HPCSparseArrays.HPCSparseMatrix — Type

HPCSparseMatrix{T,Ti,AV}

A distributed sparse matrix partitioned by rows across MPI ranks.

Type Parameters

T: Element type (e.g., Float64, ComplexF64)
Ti: Index type (e.g., Int, Int32), defaults to Int
AV<:AbstractVector{T}: Storage type for nonzero values (Vector{T} for CPU, MtlVector{T} for GPU)

Fields

structural_hash::Blake3Hash: 256-bit Blake3 hash of the structural pattern
row_partition::Vector{Int}: Row partition boundaries, length = nranks + 1
col_partition::Vector{Int}: Column partition boundaries, length = nranks + 1 (placeholder for transpose)
col_indices::Vector{Int}: Global column indices that appear in the local part (local→global mapping)
rowptr::Vector{Ti}: Row pointers for CSR format (always CPU)
colval::Vector{Ti}: LOCAL column indices 1:length(col_indices) for each nonzero (always CPU)
nzval::AV: Nonzero values (CPU or GPU)
nrows_local::Int: Number of local rows
ncols_compressed::Int: Number of unique columns = length(col_indices)
cached_transpose: Cached materialized transpose (bidirectionally linked)

Invariants

col_indices, row_partition, and col_partition are sorted
row_partition[nranks+1] = total number of rows
col_partition[nranks+1] = total number of columns
nrows_local == row_partition[rank+1] - row_partition[rank] (number of local rows)
ncols_compressed == length(col_indices) (compressed column dimension)
colval contains local indices in 1:ncols_compressed
rowptr has length nrows_local + 1

Storage Details

The local rows are stored in CSR format (Compressed Sparse Row), which enables efficient row-wise iteration - essential for a row-partitioned distributed matrix.

The CSR storage consists of:

rowptr: Row pointers where row i has nonzeros at positions rowptr[i]:(rowptr[i+1]-1)
colval: LOCAL column indices (1:ncols_compressed), not global indices
nzval: Nonzero values
col_indices[local_idx] maps local→global column indices

This compression avoids "hypersparse" storage where the column dimension would be the global number of columns even if only a few columns have nonzeros locally.

GPU Support

Structure arrays (rowptr, colval) always stay on CPU for MPI communication and indexing. Only nzval can live on GPU, with type determined by the backend device:

DeviceCPU: Vector{T} storage
DeviceMetal: MtlVector{T} storage (macOS)
DeviceCUDA: CuVector{T} storage

Use to_backend(A, target_backend) to convert between backends.

source

SparseMatrixCSR

HPCSparseArrays.SparseMatrixCSR — Type

SparseMatrixCSR{Tv,Ti} = Transpose{Tv, SparseMatrixCSC{Tv,Ti}}

Type alias for CSR (Compressed Sparse Row) storage format.
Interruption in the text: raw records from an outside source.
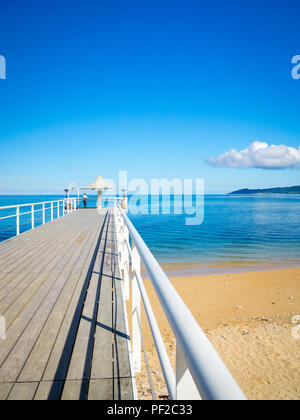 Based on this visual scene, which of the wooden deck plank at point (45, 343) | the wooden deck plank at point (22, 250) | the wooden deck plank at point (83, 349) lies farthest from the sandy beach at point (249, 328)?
the wooden deck plank at point (22, 250)

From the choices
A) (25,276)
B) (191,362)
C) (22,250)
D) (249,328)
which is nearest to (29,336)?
(25,276)

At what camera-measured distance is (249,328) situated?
553 centimetres

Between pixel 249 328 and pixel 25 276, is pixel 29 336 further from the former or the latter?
pixel 249 328

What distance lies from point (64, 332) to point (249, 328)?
4434mm

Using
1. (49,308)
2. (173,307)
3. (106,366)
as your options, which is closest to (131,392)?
(106,366)

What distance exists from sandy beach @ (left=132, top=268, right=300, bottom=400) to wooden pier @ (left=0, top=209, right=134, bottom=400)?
1435mm

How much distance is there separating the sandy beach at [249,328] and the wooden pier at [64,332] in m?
1.44

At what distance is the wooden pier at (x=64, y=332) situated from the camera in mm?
1695

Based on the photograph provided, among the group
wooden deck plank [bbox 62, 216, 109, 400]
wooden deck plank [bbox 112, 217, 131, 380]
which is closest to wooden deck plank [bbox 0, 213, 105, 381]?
wooden deck plank [bbox 62, 216, 109, 400]

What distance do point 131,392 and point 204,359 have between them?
131 centimetres

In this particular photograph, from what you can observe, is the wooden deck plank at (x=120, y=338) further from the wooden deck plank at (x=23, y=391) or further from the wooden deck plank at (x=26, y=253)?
the wooden deck plank at (x=26, y=253)

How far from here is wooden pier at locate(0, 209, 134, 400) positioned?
1695 mm

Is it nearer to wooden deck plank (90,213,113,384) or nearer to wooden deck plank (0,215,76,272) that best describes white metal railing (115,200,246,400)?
wooden deck plank (90,213,113,384)

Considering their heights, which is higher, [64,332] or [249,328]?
[64,332] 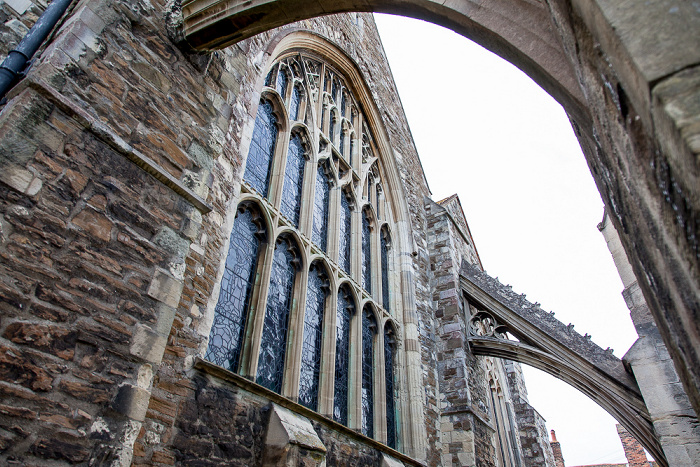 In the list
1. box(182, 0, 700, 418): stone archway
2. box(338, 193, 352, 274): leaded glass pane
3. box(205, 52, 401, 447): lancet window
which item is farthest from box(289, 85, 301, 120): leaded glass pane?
box(182, 0, 700, 418): stone archway

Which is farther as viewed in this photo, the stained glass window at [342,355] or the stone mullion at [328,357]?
the stained glass window at [342,355]

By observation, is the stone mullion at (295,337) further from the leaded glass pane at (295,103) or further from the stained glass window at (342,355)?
the leaded glass pane at (295,103)

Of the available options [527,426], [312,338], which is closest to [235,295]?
[312,338]

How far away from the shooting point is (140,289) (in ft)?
8.56

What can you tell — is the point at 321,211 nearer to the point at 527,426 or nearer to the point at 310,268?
the point at 310,268

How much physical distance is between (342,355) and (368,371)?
763 millimetres

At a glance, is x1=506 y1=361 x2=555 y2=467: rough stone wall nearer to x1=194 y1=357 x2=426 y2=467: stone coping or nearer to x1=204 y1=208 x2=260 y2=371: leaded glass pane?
x1=194 y1=357 x2=426 y2=467: stone coping

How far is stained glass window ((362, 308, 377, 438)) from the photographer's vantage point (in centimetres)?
601

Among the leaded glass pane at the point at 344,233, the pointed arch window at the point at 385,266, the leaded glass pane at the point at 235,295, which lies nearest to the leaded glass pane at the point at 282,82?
the leaded glass pane at the point at 344,233

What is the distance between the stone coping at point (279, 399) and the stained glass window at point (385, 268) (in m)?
2.48

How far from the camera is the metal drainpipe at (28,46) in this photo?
2732 millimetres

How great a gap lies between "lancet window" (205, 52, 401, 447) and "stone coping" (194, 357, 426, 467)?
20 cm

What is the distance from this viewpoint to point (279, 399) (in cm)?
418

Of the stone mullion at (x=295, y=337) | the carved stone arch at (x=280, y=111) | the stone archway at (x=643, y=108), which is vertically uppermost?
the carved stone arch at (x=280, y=111) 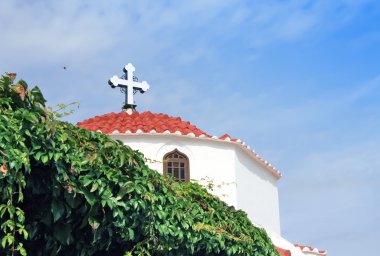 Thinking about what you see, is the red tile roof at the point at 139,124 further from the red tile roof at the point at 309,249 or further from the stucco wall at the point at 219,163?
the red tile roof at the point at 309,249

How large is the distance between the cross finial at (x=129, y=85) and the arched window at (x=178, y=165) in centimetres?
260

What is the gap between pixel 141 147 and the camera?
48.6 ft

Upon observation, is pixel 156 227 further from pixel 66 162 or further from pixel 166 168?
pixel 166 168

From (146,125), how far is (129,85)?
253 centimetres

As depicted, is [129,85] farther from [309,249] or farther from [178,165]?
[309,249]

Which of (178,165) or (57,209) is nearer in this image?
(57,209)

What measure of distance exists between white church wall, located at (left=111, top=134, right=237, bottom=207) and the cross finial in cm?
234

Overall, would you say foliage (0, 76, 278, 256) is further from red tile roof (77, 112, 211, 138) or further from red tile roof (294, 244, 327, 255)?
red tile roof (294, 244, 327, 255)

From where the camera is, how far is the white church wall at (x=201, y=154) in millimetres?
14836

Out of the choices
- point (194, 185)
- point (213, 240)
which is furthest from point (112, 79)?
point (213, 240)

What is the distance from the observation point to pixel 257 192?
1645 centimetres

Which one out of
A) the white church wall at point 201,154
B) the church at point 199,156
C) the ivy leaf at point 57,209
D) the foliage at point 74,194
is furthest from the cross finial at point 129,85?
the ivy leaf at point 57,209

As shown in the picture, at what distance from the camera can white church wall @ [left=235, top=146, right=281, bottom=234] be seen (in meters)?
15.6

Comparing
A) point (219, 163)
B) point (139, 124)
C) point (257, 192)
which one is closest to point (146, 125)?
point (139, 124) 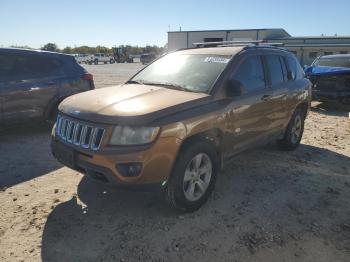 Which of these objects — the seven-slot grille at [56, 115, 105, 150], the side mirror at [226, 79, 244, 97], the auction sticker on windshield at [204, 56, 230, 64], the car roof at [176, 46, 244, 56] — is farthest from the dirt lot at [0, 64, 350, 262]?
the car roof at [176, 46, 244, 56]

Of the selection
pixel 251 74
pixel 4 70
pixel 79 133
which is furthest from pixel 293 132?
pixel 4 70

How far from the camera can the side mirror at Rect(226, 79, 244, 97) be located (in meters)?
4.42

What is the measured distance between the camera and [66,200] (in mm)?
4426

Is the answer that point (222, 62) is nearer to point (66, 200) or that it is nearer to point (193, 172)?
point (193, 172)

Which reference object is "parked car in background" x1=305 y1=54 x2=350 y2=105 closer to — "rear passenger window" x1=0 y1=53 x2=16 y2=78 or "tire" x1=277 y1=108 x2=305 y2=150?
"tire" x1=277 y1=108 x2=305 y2=150

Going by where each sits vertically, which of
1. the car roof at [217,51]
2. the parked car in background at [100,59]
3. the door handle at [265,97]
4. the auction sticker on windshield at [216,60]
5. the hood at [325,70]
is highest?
the car roof at [217,51]

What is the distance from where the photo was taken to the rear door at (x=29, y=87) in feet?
22.4

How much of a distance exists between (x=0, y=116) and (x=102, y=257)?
4503 millimetres

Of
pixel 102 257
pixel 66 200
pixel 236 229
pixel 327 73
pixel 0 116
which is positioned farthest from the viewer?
pixel 327 73

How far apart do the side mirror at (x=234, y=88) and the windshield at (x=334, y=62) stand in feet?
29.6

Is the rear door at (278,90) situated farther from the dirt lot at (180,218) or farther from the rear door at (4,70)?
the rear door at (4,70)

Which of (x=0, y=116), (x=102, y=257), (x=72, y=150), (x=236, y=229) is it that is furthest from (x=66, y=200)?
(x=0, y=116)

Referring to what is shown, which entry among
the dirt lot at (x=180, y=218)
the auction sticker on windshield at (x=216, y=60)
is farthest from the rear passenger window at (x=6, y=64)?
the auction sticker on windshield at (x=216, y=60)

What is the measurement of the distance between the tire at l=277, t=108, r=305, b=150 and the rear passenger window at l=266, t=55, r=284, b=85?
0.96 m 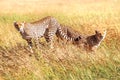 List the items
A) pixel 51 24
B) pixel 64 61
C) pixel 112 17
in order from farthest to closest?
pixel 112 17, pixel 51 24, pixel 64 61

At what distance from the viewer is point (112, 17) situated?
36.8ft

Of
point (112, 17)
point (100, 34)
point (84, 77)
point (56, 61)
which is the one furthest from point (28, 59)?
point (112, 17)

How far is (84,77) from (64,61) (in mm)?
584

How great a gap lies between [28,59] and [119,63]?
1348mm

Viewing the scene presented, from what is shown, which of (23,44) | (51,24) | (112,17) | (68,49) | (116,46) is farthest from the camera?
(112,17)

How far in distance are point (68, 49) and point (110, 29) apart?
111 inches

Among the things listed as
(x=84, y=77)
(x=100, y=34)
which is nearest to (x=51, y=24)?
(x=100, y=34)

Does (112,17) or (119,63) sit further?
(112,17)

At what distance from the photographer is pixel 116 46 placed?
25.3 feet

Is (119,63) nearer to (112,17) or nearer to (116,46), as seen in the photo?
(116,46)

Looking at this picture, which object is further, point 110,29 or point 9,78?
point 110,29

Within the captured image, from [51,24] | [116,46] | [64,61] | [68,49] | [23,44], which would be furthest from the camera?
[51,24]

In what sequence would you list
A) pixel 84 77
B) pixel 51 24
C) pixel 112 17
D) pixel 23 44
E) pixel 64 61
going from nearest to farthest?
pixel 84 77
pixel 64 61
pixel 23 44
pixel 51 24
pixel 112 17

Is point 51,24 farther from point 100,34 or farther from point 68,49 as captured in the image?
point 68,49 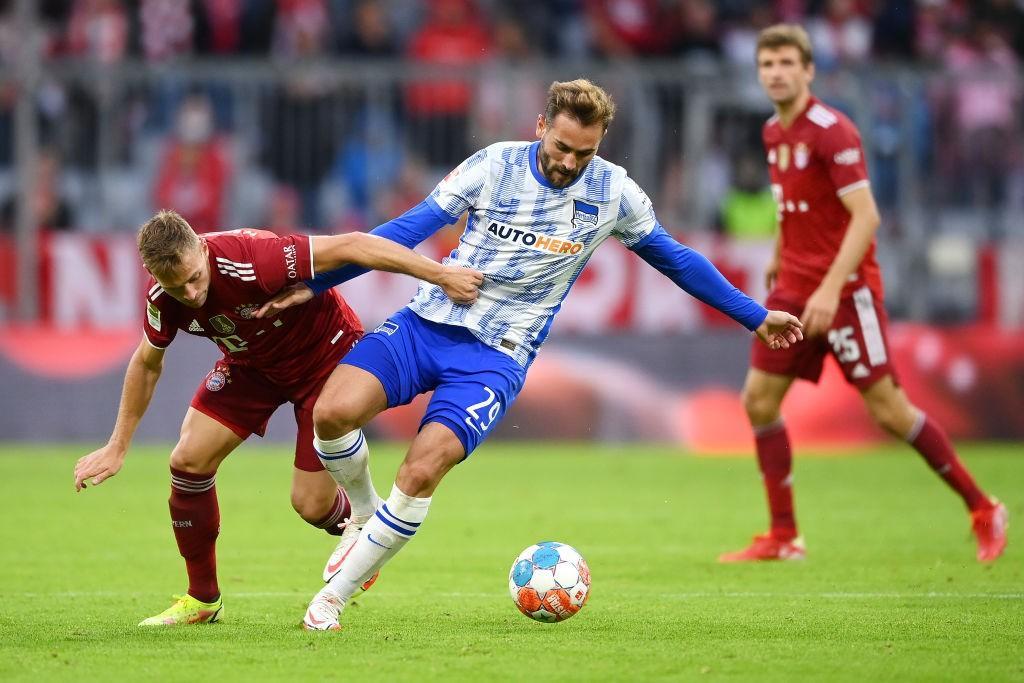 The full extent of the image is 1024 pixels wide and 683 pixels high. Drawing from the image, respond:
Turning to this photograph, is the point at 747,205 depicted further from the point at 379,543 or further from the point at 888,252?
the point at 379,543

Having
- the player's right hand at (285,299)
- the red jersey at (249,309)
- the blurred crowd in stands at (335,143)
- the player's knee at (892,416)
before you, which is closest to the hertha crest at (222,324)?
the red jersey at (249,309)

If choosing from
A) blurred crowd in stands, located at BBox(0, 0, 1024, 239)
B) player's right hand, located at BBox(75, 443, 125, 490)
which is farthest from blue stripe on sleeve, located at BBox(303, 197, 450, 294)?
blurred crowd in stands, located at BBox(0, 0, 1024, 239)

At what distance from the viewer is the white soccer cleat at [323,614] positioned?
6.70 metres

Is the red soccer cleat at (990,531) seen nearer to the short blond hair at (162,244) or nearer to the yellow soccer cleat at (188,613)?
the yellow soccer cleat at (188,613)

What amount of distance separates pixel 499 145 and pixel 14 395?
9619 mm

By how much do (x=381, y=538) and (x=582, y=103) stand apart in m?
2.03

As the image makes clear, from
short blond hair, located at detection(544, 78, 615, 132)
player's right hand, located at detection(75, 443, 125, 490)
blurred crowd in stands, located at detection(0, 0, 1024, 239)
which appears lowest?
blurred crowd in stands, located at detection(0, 0, 1024, 239)

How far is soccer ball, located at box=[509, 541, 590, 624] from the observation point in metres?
6.77

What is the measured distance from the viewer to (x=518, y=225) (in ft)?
23.3

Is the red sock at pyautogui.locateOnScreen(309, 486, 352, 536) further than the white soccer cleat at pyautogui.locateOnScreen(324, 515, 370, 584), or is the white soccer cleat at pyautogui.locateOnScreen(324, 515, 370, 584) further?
the red sock at pyautogui.locateOnScreen(309, 486, 352, 536)

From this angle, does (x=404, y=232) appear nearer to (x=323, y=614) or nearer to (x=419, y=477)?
(x=419, y=477)

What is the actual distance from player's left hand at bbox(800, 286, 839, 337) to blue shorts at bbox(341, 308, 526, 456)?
6.79 feet

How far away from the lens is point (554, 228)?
709cm

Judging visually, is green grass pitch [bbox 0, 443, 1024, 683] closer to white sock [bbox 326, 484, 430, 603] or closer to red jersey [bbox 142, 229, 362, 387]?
white sock [bbox 326, 484, 430, 603] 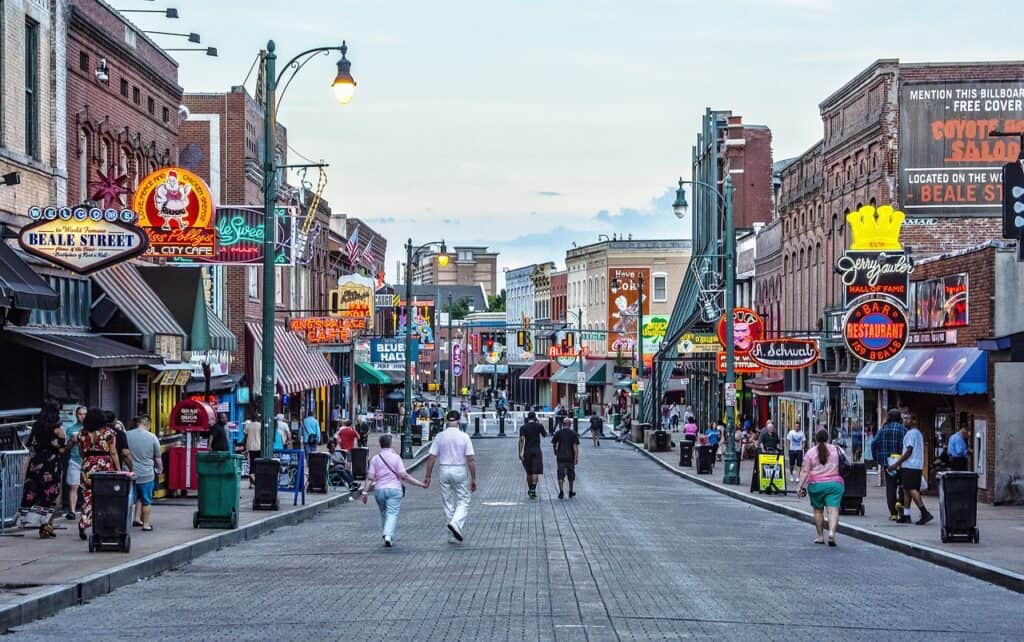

The Dual Life of Transpose{SparseMatrixCSC}

In Julia, the type Transpose{Tv, SparseMatrixCSC{Tv,Ti}} has two interpretations:

Semantic interpretation: A lazy transpose wrapper around a CSC matrix. When you call transpose(A) on a SparseMatrixCSC, you get this wrapper that represents A^T without copying data.
Storage interpretation: CSR (row-major) access to sparse data. The underlying CSC stores columns contiguously, but through the transpose wrapper, we can iterate efficiently over rows instead of columns.

This alias clarifies intent: use SparseMatrixCSR when you want row-major storage semantics, and transpose(A) when you want the mathematical transpose.

CSR vs CSC Storage

CSC (Compressed Sparse Column): Julia's native sparse format. Efficient for column-wise operations, matrix-vector products with column access.
CSR (Compressed Sparse Row): Efficient for row-wise operations, matrix-vector products with row access, and row-partitioned distributed matrices.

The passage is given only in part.